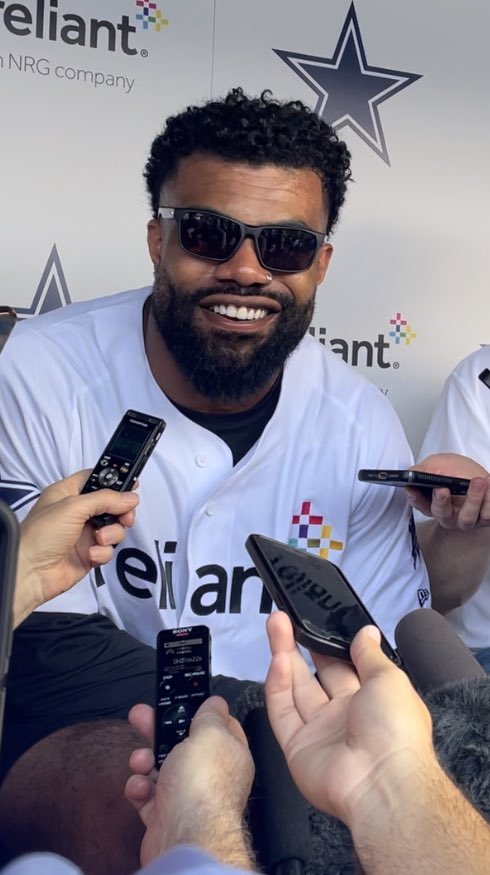 “I got unfinished business. I’m here to chase that ring.”

Ezekiel Elliott on his returning to the Cowboys. 

#Cowboys @ReliantEnergy #ReliantDerby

● EXERCISE INSTRUCTIONS
Where a picture appears, omit it, and otherwise retype the material exactly.

● RESPONSE TO THE EXERCISE
 “I got unfinished business. I’m here to chase that ring.”

Ezekiel Elliott on his returning to the Cowboys. 

#Cowboys @ReliantEnergy #ReliantDerby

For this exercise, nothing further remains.